The DB-bypass branch lives in src/synthorg/settings/service.py inside get() (the if not definition.read_only_post_init: guard around the _resolve_db call) and is mirrored in _resolve_with_db_lookup for batch reads (the if definition.read_only_post_init: db_hit = None short-circuit before the DB row is consulted).

Examples: api.server_port, api.server_host, api.api_prefix, communication.nats_url, workers.count, observability.log_directory, api.cors_allowed_origins, api.trusted_proxies, api.rate_limiter_enabled.

Category 3: Bootstrap secret (init-time exception)¶

Read once at process start before SettingsService exists. No registry entry. Pure env. The value is captured into a typed domain object at the boot site (e.g. JwtSecret, CursorConfig, SettingsEncryptor, persistence config) and never re-read.

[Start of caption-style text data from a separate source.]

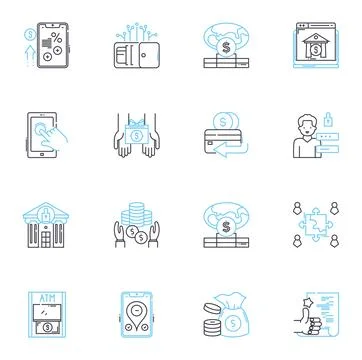 Mobile commerce linear icons set. Payment, Convenience, App, Security, Shopping Stock Illustration
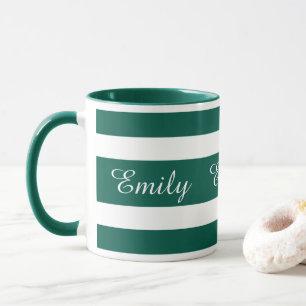 Taza Nombre de patrón de rayas verdes moderno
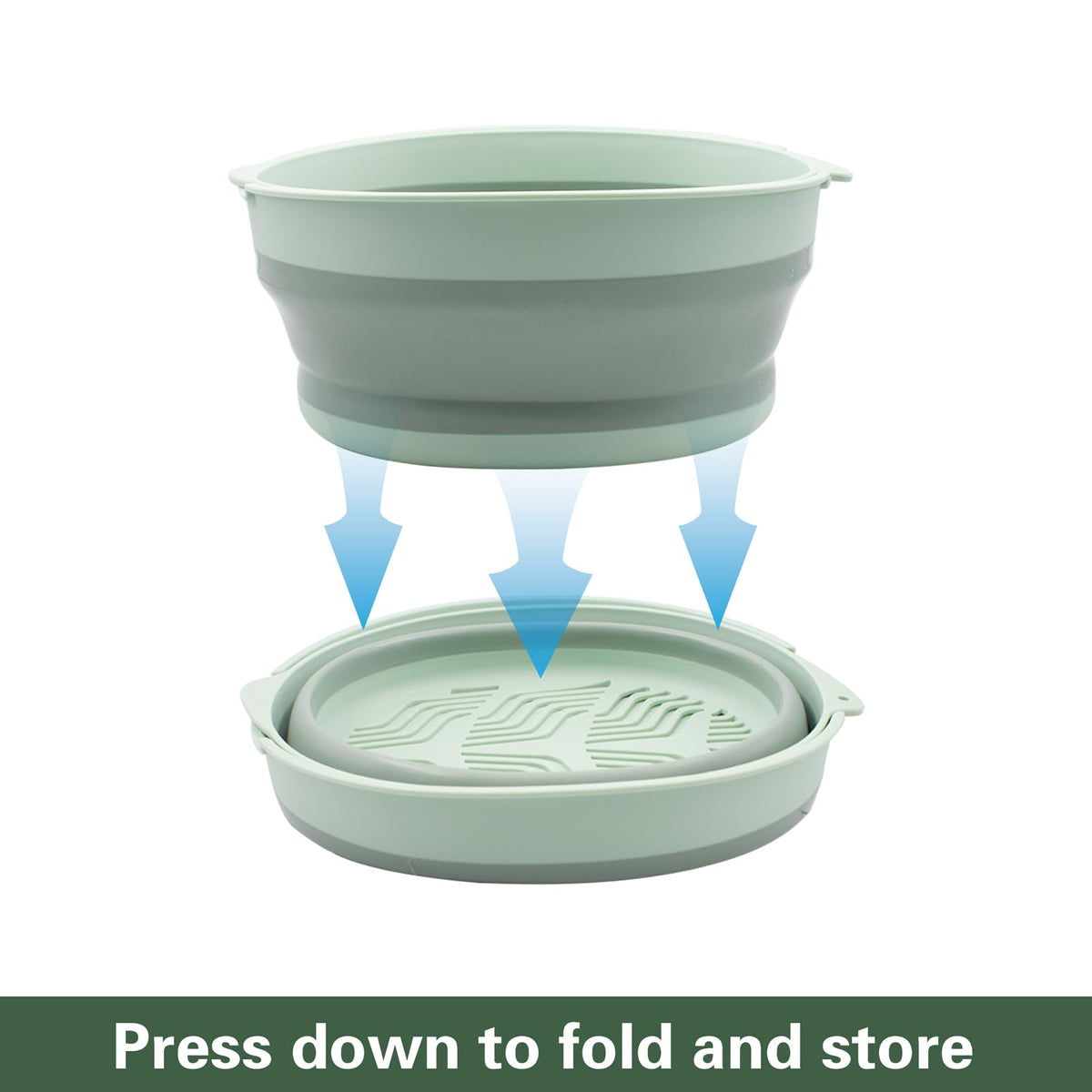 2 Sets 2 in 1 Collapsible Colander Set Including Sink Basin & Strainer Bowl, Foldable Silicone Fruit Washing Basket, Portable Vegetable Washing Tub for Kitchen, RV, Camping (Grey & Green)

Why not register them as Cat-2 with sensitive=True? Two reasons:

Persistence URLs and credentials. Rotating DB credentials at runtime through the settings UI exposes them to every operator holding settings:read, even when sensitive=True masks the displayed value. Env-only plus a secret backend is the safer pattern.
Bootstrap secrets. JWT secret, master key, pagination cursor secret, settings encryption key: all read once before the settings service exists. A registry entry would be inert for these.

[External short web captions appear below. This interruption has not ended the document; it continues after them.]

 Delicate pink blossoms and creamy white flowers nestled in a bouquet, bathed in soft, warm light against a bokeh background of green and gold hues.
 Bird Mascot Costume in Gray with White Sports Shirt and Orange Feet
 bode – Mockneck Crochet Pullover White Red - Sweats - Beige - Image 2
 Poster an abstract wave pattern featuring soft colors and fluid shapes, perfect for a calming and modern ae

Examples: SYNTHORG_DATABASE_URL, SYNTHORG_DB_PATH, SYNTHORG_POSTGRES_SSL_MODE, SYNTHORG_CONFIG_PATH, SYNTHORG_JWT_SECRET, SYNTHORG_MASTER_KEY, SYNTHORG_PAGINATION_CURSOR_SECRET, SYNTHORG_SETTINGS_KEY.

Discoverability¶

Every (namespace, key) emits one INFO settings.value.resolved event on its first cold read per process. The payload carries source (db / env / default) so an operator can audit at startup which surface supplied each value. Subsequent resolutions stay at DEBUG.

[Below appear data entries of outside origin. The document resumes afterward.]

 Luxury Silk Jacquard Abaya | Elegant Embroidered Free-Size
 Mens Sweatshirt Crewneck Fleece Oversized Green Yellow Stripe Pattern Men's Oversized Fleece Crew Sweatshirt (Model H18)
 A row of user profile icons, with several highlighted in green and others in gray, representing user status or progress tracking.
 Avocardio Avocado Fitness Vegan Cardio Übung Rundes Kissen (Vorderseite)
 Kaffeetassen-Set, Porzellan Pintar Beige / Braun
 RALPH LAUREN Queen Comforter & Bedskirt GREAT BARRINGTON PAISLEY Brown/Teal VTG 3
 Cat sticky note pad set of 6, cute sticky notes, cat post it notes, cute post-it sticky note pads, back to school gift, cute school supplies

Category 3 secrets do not emit a settings.value.resolved event; they are read directly at the boot site and logged via the domain-specific startup event (e.g. API_APP_STARTUP, SETTINGS_ENCRYPTOR_BOOTSTRAP).

Source matrix¶

Category 1 examples (DB > env > default)¶

Setting	Env override	Notes
`observability.root_log_level`	`SYNTHORG_OBSERVABILITY_ROOT_LOG_LEVEL`	Standard mutable.
`observability.log_level_console`	`SYNTHORG_LOG_LEVEL`	Mutable; overrides the console sink only.
`telemetry.enabled`	`SYNTHORG_TELEMETRY_ENABLED`	Mutable; the collector reads the env var at boot for the fast-path, then honours runtime DB mutations on the next process restart.
`engine.timeout_enforcement_enabled`	`SYNTHORG_ENGINE_TIMEOUT_ENFORCEMENT_ENABLED`	Mutable kill-switch.

Category 2 examples (env > default; DB bypassed)¶

Setting	Env override	Notes
`api.server_host`	`SYNTHORG_API_SERVER_HOST`	Consumed pre-init via `bootstrap_resolver` at app construction; registry entry for `/settings` discoverability.
`api.server_port`	`SYNTHORG_API_SERVER_PORT`	Same as above.
`api.api_prefix`	`SYNTHORG_API_API_PREFIX`	Same.
`api.cors_allowed_origins`	`SYNTHORG_API_CORS_ALLOWED_ORIGINS`	Same. JSON-encoded list.
`api.trusted_proxies`	`SYNTHORG_API_TRUSTED_PROXIES`	Same. JSON-encoded list.
`api.rate_limiter_enabled`	`SYNTHORG_API_RATE_LIMITER_ENABLED`	Same. Bool token (`true`/`false`/`1`/`0`/`yes`/`no`).
`communication.nats_url`	`SYNTHORG_NATS_URL`	Read once by the bus driver at startup.
`workers.count`	`SYNTHORG_WORKERS`	Read at worker-process boot AND by the worker pool builder.
`observability.log_directory`	`SYNTHORG_LOG_DIR`	Path-traversal validated at the boot site.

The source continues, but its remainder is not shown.